— Problem to solve —
What you copy should be the lines from the one with "المستشار هشام بدوي" through the end of the entries, word for word. Omit the pictures.

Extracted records
== Segment start ==

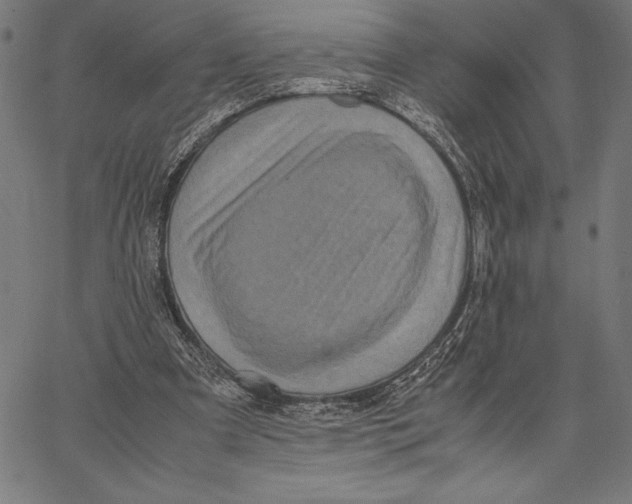 X0000067400297200604211706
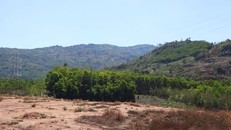 Đến hết năm 2021, cả nước còn gần 1,2 triệu hécta đất chưa sử dụng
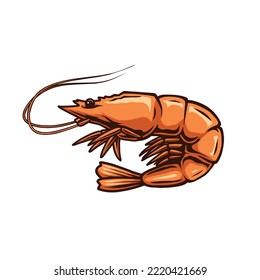 shrimp vector design for your design component
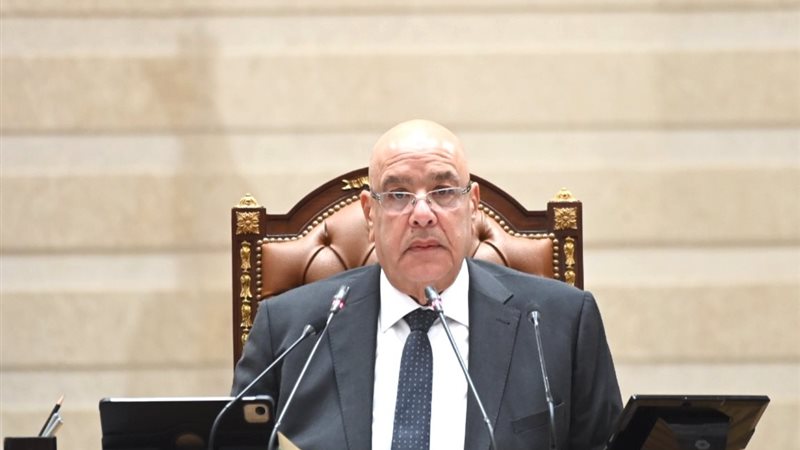  المستشار هشام بدوي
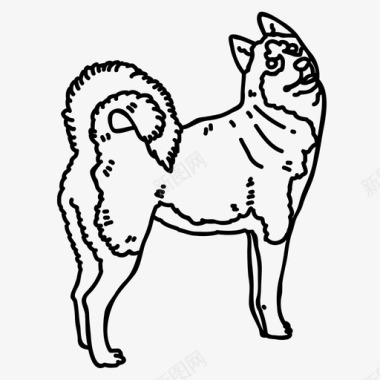 哈士奇狗西伯利亚哈士奇动物狗图标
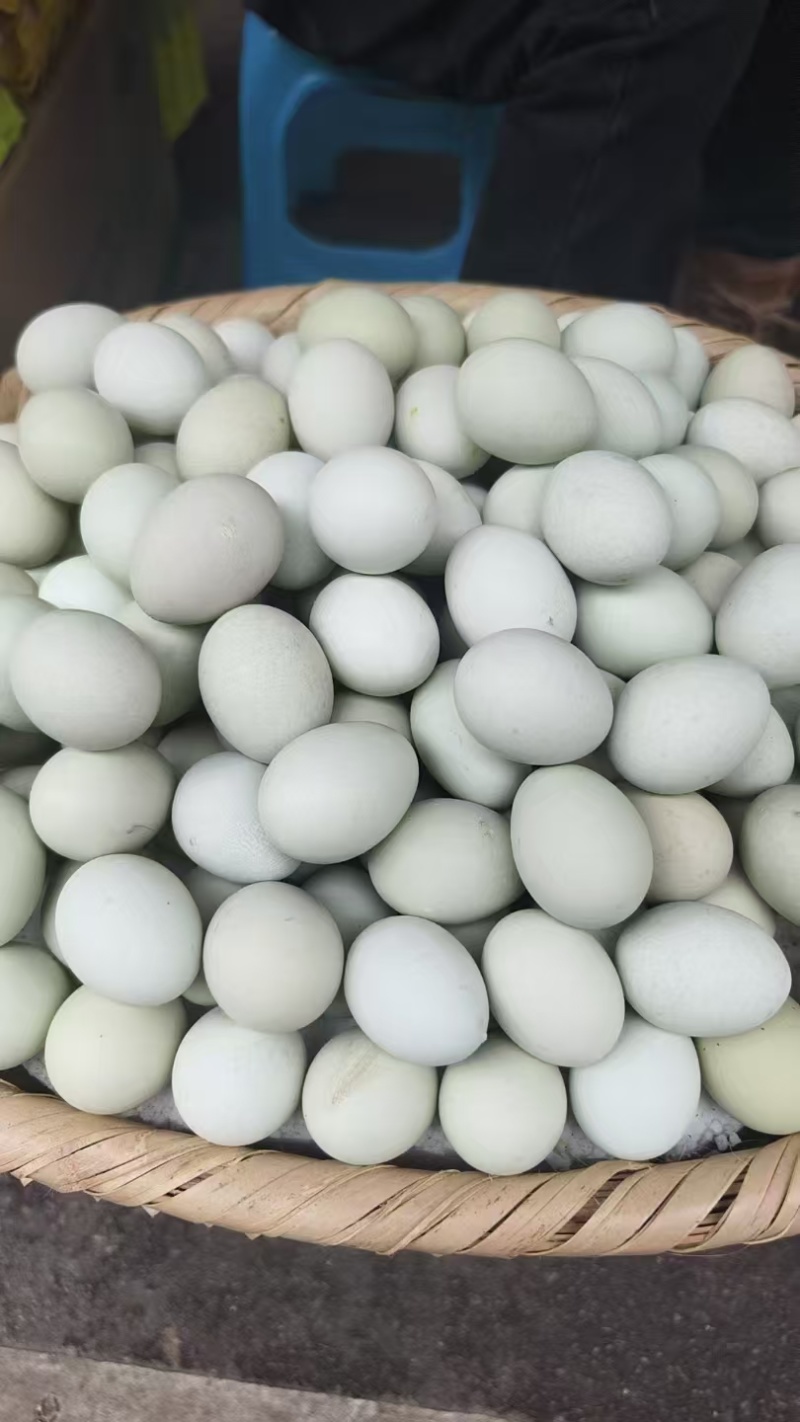 绿壳鸡蛋【金品鸡蛋】不做低端，送礼佳品，公司团购优惠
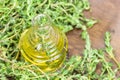 Thyme oil Royalty Free Stock Photo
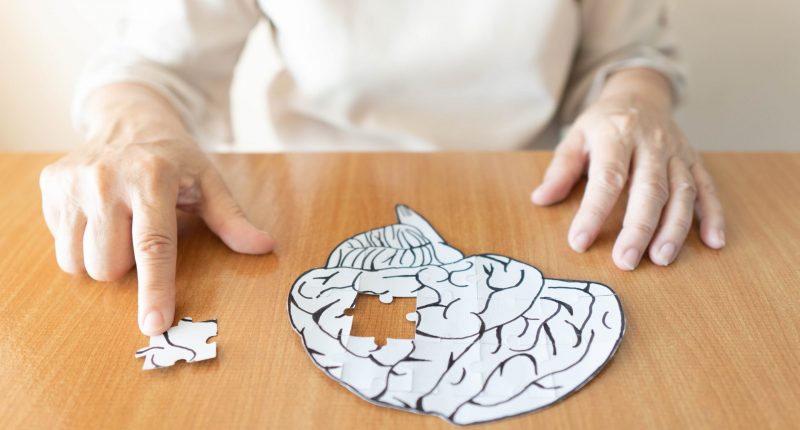 Elderly woman with a jigsaw puzzle representing the brain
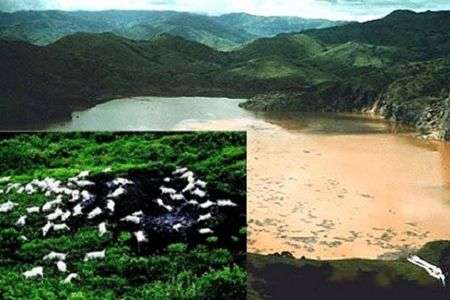 Sương mù bí ẩn giết người hàng loạt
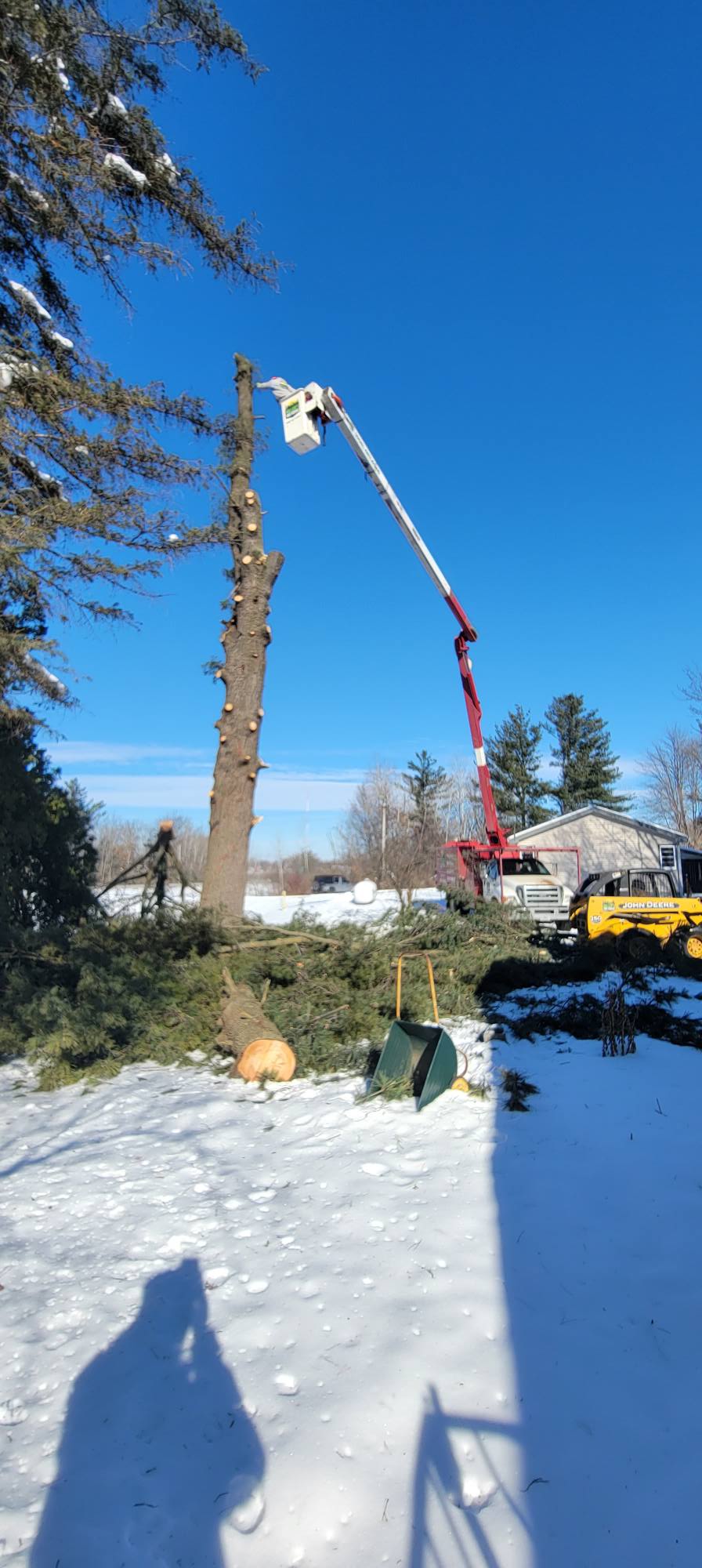 Miller's Tree Service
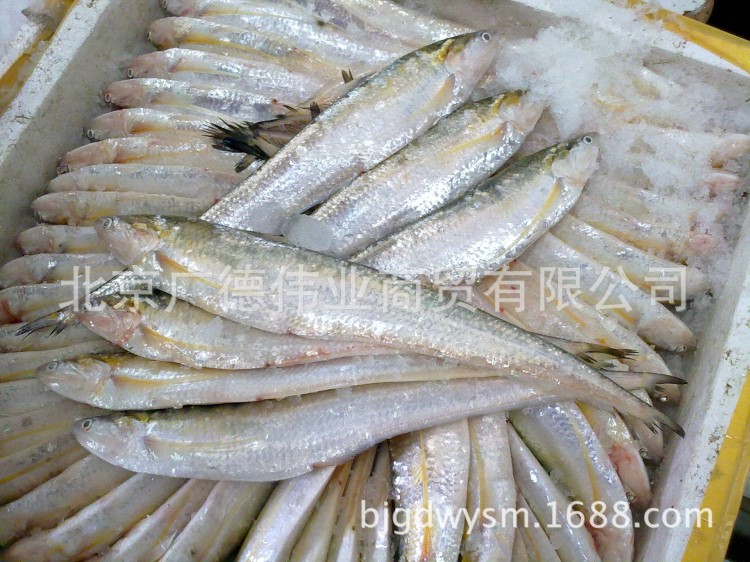 長(zhǎng)江刀魚 海刀魚  高品質(zhì)源頭貨源鰣魚 黃魚 河豚 大白魚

== Segment end ==

— Reply —
  المستشار هشام بدوي
 哈士奇狗西伯利亚哈士奇动物狗图标
 绿壳鸡蛋【金品鸡蛋】不做低端，送礼佳品，公司团购优惠
 Thyme oil Royalty Free Stock Photo
 Elderly woman with a jigsaw puzzle representing the brain
 Sương mù bí ẩn giết người hàng loạt
 Miller's Tree Service
 長(zhǎng)江刀魚 海刀魚  高品質(zhì)源頭貨源鰣魚 黃魚 河豚 大白魚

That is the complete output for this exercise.